# [How to complete this task]
Of the lines in the material below, print only those from the one containing "Single sofa technology" to the one containing "Produktbild PAVOY Schubladenschrank", ends included, exactly as written and without pictures.

# [Records for this exercise]
= = =

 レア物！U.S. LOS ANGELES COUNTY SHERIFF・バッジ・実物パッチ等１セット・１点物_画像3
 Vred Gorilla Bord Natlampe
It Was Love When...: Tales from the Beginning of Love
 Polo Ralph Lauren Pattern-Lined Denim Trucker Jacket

= = =

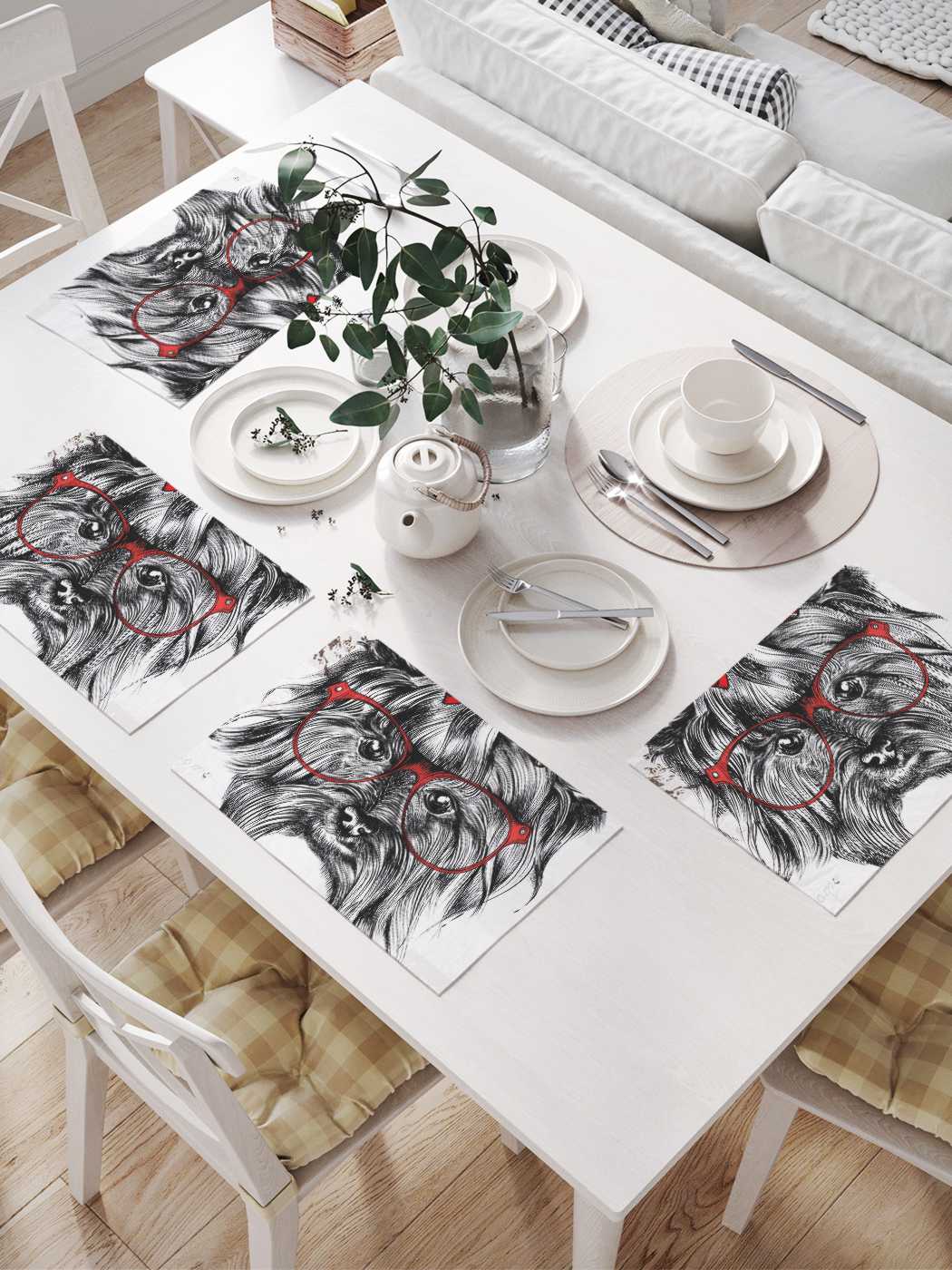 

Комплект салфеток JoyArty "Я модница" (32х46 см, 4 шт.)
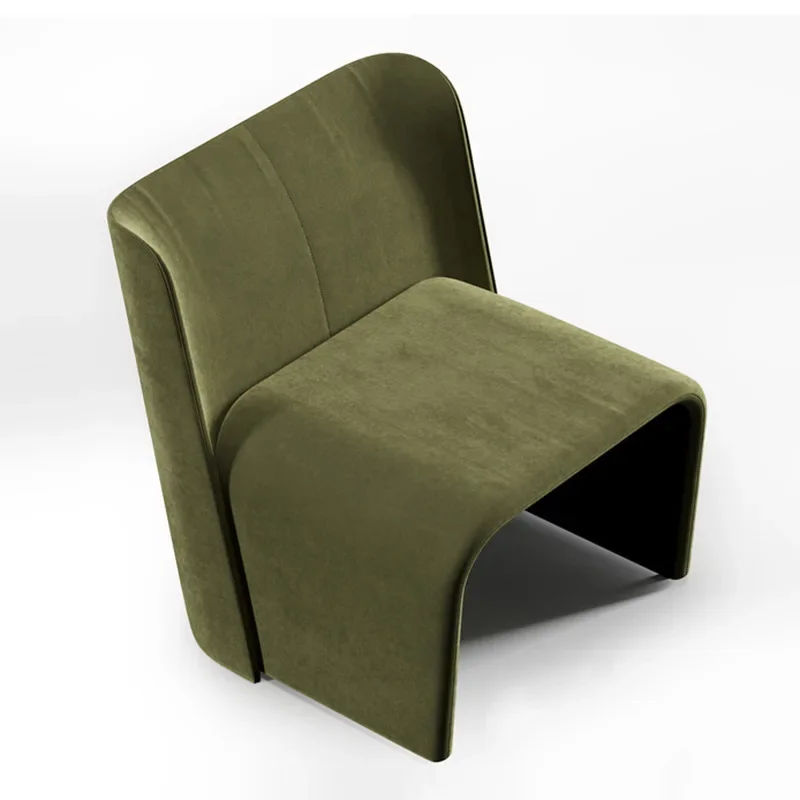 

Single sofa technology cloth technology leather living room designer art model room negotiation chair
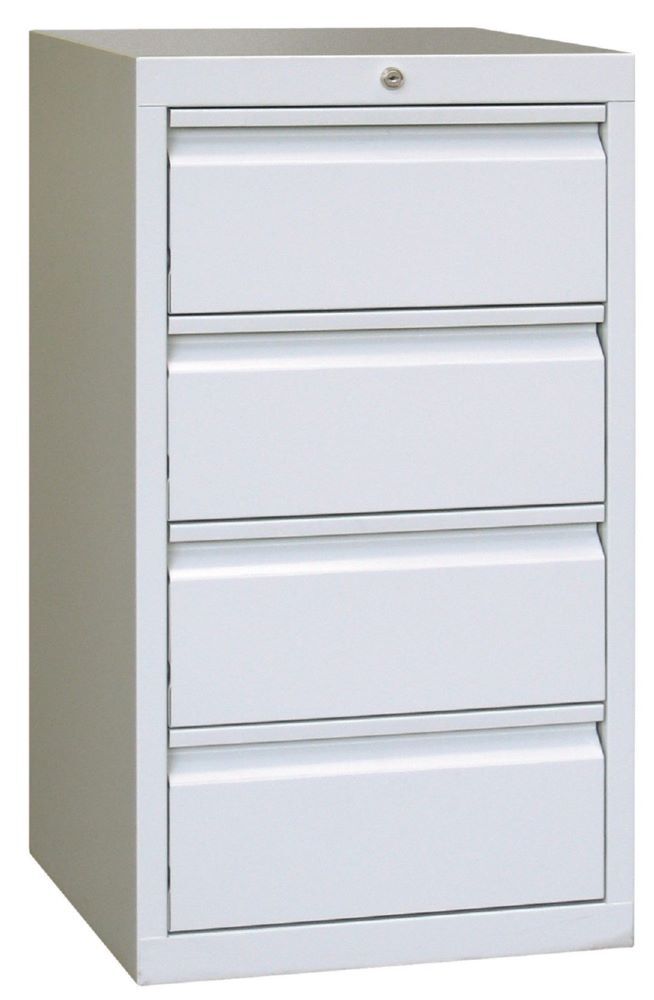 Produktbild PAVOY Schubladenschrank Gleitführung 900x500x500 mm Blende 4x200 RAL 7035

= = =

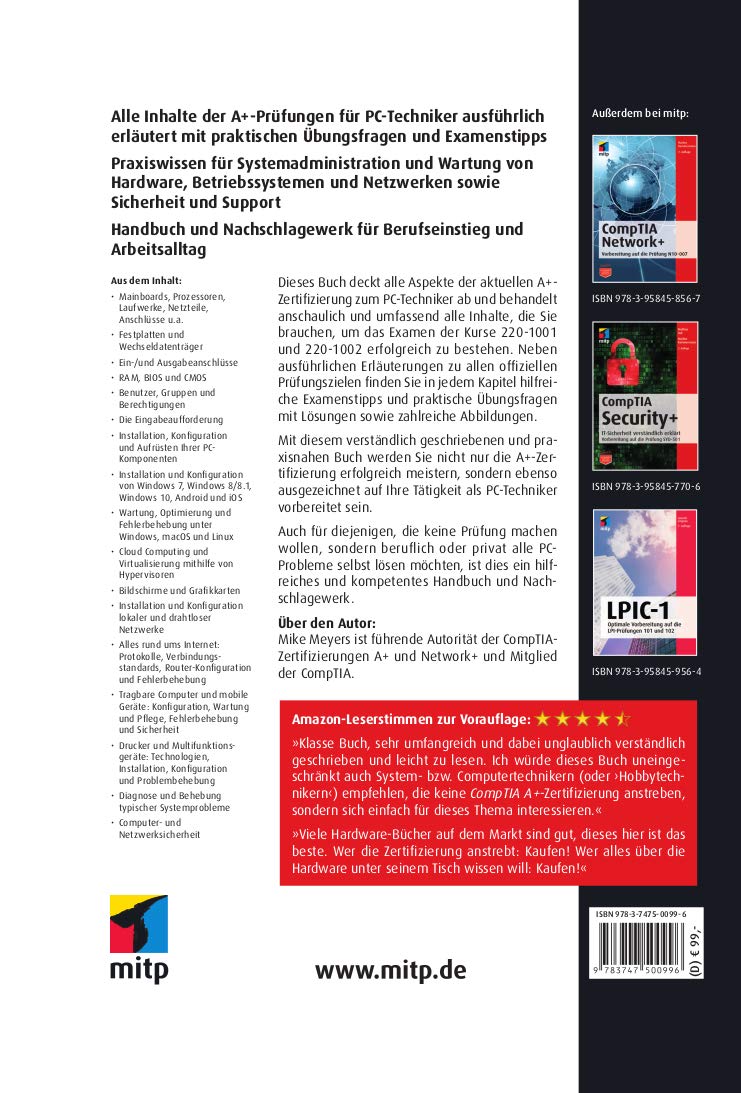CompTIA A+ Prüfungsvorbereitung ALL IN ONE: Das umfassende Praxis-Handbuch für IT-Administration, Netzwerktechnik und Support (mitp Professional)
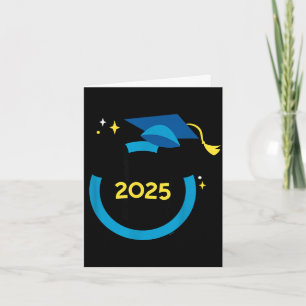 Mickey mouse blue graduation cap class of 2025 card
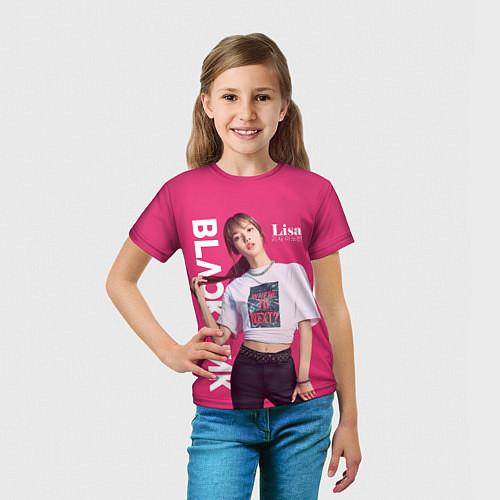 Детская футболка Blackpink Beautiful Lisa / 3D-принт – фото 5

= = =

# [Exercise answer]
Single sofa technology cloth technology leather living room designer art model room negotiation chair
 Produktbild PAVOY Schubladenschrank Gleitführung 900x500x500 mm Blende 4x200 RAL 7035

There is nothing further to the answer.